February 9, 2022

Present

Tony Hey, Geoffrey Fox, Gregor von Laszewski, Hai ah Nam, Juri Papay, Gregg Barrett, Farzana Yasmin Ahmad, Steve Farrell
Apologies: Jeyan Thiyagalingam, Arjun Shankar, Aristeidis Tsaris,

Tentative Agenda

New member introductions (None)
Update on the status of MLCommons compliance, what has been achieved, and what needs to be done.
Portability of benchmarks.

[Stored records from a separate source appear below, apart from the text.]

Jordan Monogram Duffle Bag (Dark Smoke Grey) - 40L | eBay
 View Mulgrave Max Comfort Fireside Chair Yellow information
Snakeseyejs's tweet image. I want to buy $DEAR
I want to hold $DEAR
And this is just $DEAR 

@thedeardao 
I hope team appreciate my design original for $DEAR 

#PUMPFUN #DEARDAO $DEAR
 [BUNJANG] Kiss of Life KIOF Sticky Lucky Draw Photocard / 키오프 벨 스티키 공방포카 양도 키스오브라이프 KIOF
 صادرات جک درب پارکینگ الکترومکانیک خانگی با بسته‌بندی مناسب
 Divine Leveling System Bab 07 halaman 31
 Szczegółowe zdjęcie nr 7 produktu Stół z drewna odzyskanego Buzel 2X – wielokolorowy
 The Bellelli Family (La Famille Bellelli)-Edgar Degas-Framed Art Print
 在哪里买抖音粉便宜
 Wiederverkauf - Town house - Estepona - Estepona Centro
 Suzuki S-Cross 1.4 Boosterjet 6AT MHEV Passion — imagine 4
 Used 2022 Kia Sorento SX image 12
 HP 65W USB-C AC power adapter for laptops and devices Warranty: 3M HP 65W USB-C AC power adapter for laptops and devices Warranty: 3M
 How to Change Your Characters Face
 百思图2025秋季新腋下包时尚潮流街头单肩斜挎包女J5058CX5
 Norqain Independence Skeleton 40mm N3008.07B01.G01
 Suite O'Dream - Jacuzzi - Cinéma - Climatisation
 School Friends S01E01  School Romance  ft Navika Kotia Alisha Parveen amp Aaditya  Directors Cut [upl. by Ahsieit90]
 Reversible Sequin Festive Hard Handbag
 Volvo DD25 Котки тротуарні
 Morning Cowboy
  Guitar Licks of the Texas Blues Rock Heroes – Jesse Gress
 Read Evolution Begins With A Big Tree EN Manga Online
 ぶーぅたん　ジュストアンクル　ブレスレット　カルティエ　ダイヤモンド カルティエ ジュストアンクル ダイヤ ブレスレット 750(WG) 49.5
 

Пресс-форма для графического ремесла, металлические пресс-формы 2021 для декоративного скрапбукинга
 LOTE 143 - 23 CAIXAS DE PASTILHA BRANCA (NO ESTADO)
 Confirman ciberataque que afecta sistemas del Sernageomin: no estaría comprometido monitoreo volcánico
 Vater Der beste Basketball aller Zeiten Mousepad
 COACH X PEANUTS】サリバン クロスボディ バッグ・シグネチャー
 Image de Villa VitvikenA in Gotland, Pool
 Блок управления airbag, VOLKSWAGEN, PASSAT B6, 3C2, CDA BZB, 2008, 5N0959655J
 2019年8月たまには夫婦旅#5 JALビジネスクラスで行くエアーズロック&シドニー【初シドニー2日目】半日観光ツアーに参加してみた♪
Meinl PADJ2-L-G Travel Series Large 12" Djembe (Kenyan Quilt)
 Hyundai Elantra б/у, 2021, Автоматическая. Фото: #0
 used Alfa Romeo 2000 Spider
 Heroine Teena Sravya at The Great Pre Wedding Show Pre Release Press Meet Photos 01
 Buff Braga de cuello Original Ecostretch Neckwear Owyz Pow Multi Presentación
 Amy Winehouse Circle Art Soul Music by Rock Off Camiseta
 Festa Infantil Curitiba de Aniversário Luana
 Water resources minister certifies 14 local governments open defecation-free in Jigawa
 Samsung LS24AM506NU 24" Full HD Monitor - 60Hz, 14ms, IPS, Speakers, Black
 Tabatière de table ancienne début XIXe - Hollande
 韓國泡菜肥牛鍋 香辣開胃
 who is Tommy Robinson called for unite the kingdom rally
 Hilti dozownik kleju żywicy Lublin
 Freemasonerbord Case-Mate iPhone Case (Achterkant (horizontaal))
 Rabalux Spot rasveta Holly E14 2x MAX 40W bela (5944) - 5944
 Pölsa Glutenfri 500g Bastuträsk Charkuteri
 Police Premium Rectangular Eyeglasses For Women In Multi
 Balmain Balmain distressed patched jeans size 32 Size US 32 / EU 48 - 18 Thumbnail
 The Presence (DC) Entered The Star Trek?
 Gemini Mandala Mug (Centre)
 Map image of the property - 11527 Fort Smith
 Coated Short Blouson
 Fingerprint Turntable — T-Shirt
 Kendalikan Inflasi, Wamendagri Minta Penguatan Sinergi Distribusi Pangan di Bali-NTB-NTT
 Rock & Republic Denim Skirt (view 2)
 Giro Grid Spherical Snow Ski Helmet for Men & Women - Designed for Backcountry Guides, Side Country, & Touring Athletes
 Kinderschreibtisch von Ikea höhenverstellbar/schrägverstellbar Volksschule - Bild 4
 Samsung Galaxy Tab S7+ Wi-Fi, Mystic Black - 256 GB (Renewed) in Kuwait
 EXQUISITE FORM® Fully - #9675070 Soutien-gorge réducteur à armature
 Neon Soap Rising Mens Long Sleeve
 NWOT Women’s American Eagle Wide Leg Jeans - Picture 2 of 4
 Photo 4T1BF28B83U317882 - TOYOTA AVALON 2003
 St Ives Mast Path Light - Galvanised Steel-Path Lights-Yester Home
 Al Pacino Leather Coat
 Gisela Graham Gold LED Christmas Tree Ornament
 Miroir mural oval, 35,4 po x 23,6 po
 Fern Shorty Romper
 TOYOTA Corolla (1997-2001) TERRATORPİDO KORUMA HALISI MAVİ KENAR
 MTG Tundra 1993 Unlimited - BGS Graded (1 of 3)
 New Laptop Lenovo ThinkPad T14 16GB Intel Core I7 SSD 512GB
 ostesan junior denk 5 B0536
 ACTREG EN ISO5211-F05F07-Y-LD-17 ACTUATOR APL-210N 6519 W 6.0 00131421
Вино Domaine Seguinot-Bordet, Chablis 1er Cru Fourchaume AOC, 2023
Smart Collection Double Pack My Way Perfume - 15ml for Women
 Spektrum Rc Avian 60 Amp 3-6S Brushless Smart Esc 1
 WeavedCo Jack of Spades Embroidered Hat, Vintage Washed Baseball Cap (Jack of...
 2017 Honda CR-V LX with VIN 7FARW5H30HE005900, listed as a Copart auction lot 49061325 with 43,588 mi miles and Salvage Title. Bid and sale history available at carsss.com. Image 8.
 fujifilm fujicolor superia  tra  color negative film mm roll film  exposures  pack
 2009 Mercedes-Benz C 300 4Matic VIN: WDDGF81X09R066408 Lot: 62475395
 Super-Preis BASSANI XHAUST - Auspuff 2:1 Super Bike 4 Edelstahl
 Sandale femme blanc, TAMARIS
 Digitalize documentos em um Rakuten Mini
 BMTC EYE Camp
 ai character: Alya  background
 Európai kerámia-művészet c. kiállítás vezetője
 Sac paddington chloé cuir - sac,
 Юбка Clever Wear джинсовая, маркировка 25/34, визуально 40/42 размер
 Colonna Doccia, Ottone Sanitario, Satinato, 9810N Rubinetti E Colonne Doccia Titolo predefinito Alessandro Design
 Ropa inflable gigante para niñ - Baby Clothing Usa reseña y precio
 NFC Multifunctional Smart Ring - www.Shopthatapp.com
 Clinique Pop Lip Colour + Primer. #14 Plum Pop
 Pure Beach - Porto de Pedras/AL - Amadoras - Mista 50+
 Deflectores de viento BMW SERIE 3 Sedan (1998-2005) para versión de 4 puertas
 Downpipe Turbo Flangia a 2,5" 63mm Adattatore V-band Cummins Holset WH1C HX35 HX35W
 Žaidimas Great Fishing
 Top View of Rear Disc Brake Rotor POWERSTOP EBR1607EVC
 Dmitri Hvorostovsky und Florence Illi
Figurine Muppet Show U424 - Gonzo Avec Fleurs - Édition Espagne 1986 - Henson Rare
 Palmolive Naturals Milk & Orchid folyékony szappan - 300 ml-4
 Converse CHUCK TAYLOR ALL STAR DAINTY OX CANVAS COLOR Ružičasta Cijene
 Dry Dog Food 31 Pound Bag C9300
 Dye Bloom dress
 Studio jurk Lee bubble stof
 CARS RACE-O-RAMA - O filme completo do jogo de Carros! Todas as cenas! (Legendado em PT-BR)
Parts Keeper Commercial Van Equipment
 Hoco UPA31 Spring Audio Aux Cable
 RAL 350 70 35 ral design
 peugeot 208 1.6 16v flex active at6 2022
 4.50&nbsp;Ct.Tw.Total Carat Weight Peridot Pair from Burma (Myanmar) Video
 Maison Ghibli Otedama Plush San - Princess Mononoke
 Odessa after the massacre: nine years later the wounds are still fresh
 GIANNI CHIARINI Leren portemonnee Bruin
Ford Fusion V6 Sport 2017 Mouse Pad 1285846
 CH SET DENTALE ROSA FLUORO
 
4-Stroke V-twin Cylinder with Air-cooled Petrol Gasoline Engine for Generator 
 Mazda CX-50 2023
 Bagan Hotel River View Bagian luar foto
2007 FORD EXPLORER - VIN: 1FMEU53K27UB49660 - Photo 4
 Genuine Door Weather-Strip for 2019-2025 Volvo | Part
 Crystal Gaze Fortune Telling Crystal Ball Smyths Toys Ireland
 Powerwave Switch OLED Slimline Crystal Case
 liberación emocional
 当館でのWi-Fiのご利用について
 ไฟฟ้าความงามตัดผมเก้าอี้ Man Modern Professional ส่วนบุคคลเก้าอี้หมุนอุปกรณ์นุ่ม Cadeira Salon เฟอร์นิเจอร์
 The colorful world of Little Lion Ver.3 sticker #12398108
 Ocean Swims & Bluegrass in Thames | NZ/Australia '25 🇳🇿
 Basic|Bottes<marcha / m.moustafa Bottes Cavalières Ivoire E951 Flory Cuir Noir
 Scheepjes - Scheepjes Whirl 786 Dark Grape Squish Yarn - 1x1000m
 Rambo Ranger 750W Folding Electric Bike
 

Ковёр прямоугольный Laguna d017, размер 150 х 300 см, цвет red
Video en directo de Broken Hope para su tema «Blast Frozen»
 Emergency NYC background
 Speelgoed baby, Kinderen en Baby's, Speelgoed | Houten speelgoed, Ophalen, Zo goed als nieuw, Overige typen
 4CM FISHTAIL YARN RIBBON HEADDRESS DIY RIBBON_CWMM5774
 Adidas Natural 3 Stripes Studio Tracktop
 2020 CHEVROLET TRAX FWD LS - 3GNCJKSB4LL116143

How much effort is involved in deploying a benchmark?
Discussion of whether these benchmarks are portable and where we intend to run them.
Clarification on what each benchmark is going to measure. (Not Discussed)
AOB

MLCommons Compliance

We were reassured that this was not difficult and Gregor had made progress with website and MLCommons rules
https://laszewsk.github.io/mlcommons/
https://github.com/laszewsk/mlcommons

Portability of benchmarks

This topic took the rest of the session with Juri describing his difficulty in running benchmarks on multiple machines with a horror story of how Horovod took 4 days to install. Horovod is needed to run on multi-node (each presumably multi-GPU) systems; running on single node, multi-GPU systems is supported without new software. Juri looked at STEMDL and Cloudmask
Gregg Barrett noted that it sounds like we need to do an updated paper on the the Technical Debt of Machine Learning.
The importance of using local disks to get good performance was stressed
Gregg Barrett noted the the upcoming MLC Storage benchmarks with storage WG MLCommons Storage Working Group Description
Steve Farrell pointed oit that submitters used containers (NERSC uses Shifter) and often partnered with NVIDIA who knew how to install all this software.
Containers are not typically re-uable except from specification as systems support different software versions
Security issues make effort harder
MLCube was discussed but didn’t seem to address this issue
Jax, Pytorch, Horovod, Tensorflow mesh were highlighted